▼▼▼

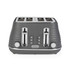 Grey 4-slice Salter toaster with ribbed design, front view, showing controls
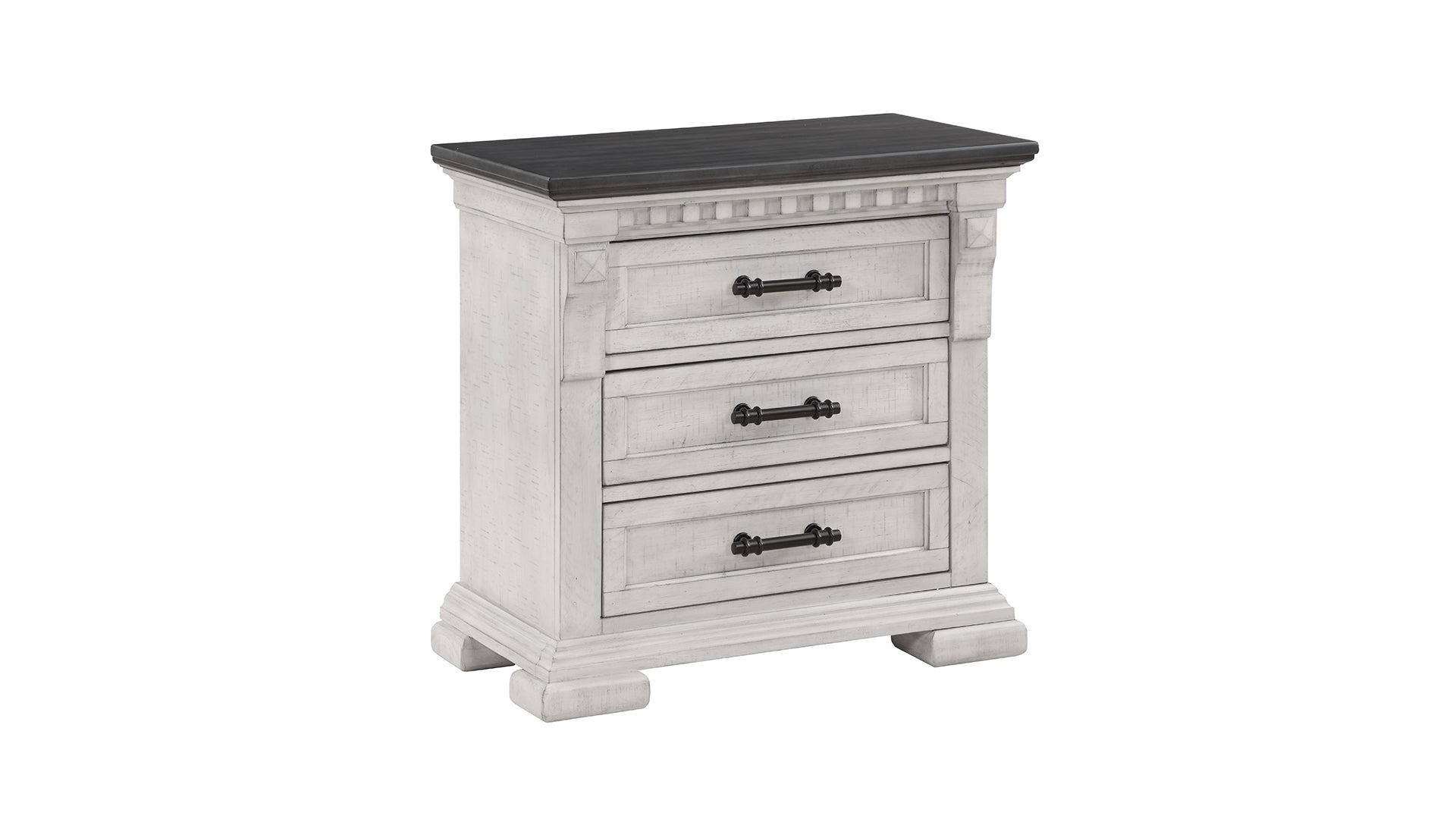 Transitional Style 3-Drawer Night stand Made with Wood in Antique White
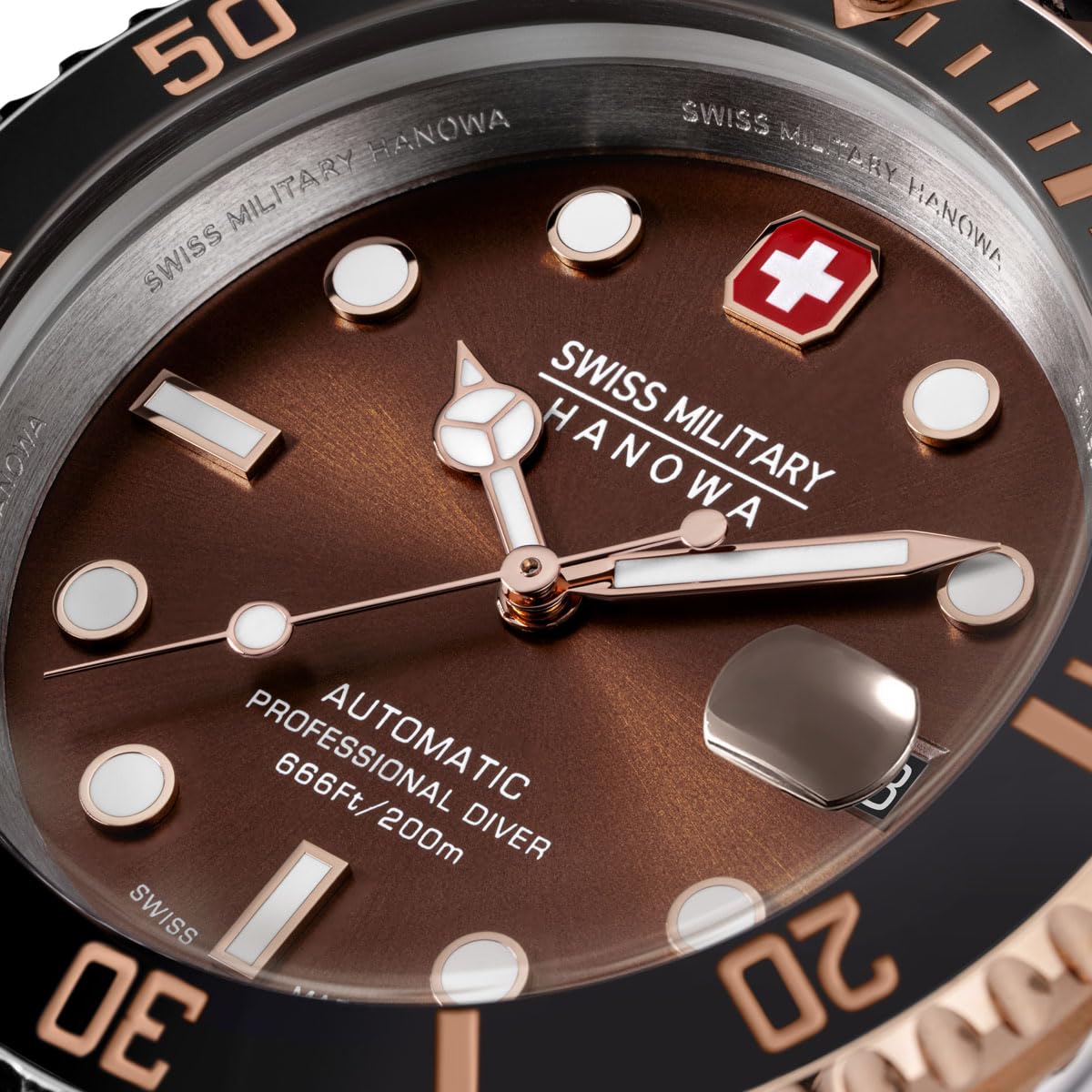 Swiss Military Hanowa Herren Automatikuhr Sealord Professional Diver 41 MM Durchmesser Datum Saphirglas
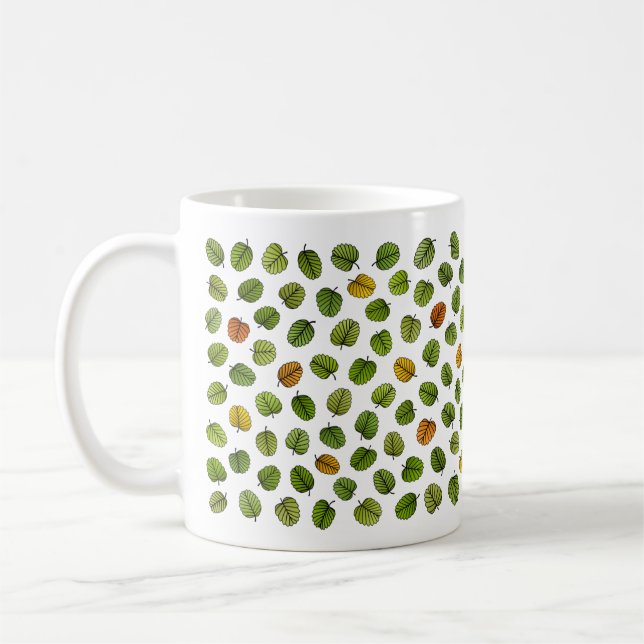 Green Fagus Leaf Pattern Coffee Mug (Left)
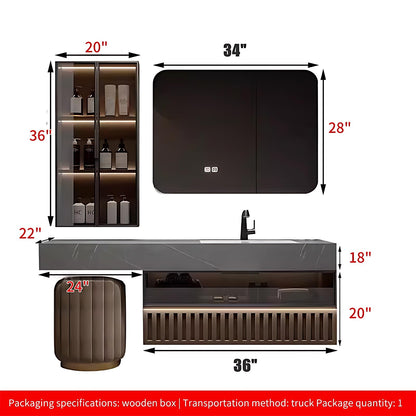 ZGNBSD Floating Bathroom Vanity - Bathroom Vanity with Sink & Makeup Space | Solid Wood Bathroom Vanity (60")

▲▲▲

- _Exercise goal_
Start at the top line above and repeat the records verbatim, leaving images out.

- _Output of the exercise_
 Grey 4-slice Salter toaster with ribbed design, front view, showing controls
 Transitional Style 3-Drawer Night stand Made with Wood in Antique White
 Swiss Military Hanowa Herren Automatikuhr Sealord Professional Diver 41 MM Durchmesser Datum Saphirglas
 Green Fagus Leaf Pattern Coffee Mug (Left)
 ZGNBSD Floating Bathroom Vanity - Bathroom Vanity with Sink & Makeup Space | Solid Wood Bathroom Vanity (60")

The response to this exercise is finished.